POLITICS

Dueling bills call for early voting

One proposal is from the secretary of state, the other from the Board of Elections

Patrick Anderson
panderson@providencejournal.com

Rhode Island lawmakers this year will likely be confronted with two competing proposals to make it easier to vote before Election Day, as state elections officials warn of possible calamity if laws are not changed before 2020.

As she has the last several years, Secretary of State Nellie Gorbea is promoting legislation that would add Rhode Island to the list of states with early in-person voting, in this case at city or town halls 20 days before a general election or primary.

But unlike last year, when it backed Gorbea's legislation, the state Board of Elections plans to put forth its own bill this year, which would let voters cast their ballot in person at town halls 20 days before an election — but would not call it early voting.

BOE Executive Director Robert Rapoza, addressing board members before they approved their legislative agenda for 2019, described their earlier voting proposal as a "process change" to make the state's emergency mail ballot system more efficient as it booms in popularity.

But in practical terms, the BOE's process change would make voting before Election Day look a lot like what would be allowed under Gorbea's early-voting legislation.

Under both proposals, voters would be able to walk into their city or town hall 20 days before the election and cast a ballot in a vote-counting machine after showing a photo ID, just as they do on Election Day. 

The Board of Elections' bill has not been introduced yet, but, based on Rapoza's description, it differs from Gorbea's bill in that it would not require local canvassers to be open the weekend before an election to allow early voting.

Both proposals contrast with the current system, which requires Rhode Islanders looking to vote early to fill out, sign and seal an emergency mail ballot at city or town halls before Election Day. Like regular absentee mail ballots, emergency mail ballots are not subject to the state's voter ID law.

Since Rhode Island made voting by emergency mail ballots easier in 2011 by loosening the requirement to explain why someone can't vote on Election Day, it has become increasingly popular among residents — and more time-consuming for state and local elections officials. The system requires local elections workers to print out their own emergency ballots, and after they are filled out, to deliver them to the Board of Elections in Providence to be counted and have the signatures on them matched.

If there is a problem, neither voters nor elections officials are likely to realize it until the ballots reach Providence.

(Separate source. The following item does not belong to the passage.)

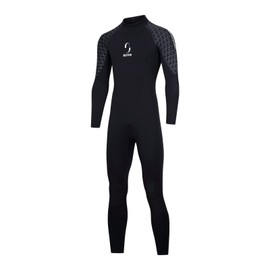 ZCCO Wetsuits Men's 3mm Premium Neoprene Full Sleeve Dive Skin for Spearfishing,Snorkeling, Surfing,Canoeing,Scuba Diving Wet Suits(Men's Black(New),4XL)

Last year, Board of Elections staff had to remake by hand more than 1,000 ballots that weren't scanning properly, creating an all-hands-on-deck scramble in and around Election Day.

"People don't realize how close to disaster we came," Board of Elections member Steven Erickson said Thursday about last year's struggle to remake, count and certify mail ballots.

Rapoza said if trends continue into the 2020 election, and neither the BOE nor the Gorbea bill is passed, the board will have to hire a second shift of workers to deal with mail ballots.

So why the separate BOE bill when Gorbea's early-voting bill would also relieve the mail ballot crunch?

Rapoza declined to say.

"No comment," Nicole Lagace, Gorbea's communications director, told The Journal Friday about the dueling bills.

John Marion, executive director of Common Cause Rhode Island, which has supported early voting for years, said his organization sticks by Gorbea's bill, but would support either piece of legislation over the status quo.

"Our preference is the secretary's bill because of the additional benefits of weekend hours and that it's labeled early voting, which we think will settle the question for Rhode Islanders of whether or not they can vote early without an excuse," Marion said. "But our hope is the Assembly takes this as a signal they have to do something and do it this year for 2020. We have to have some change, because without some change, it will be a crisis."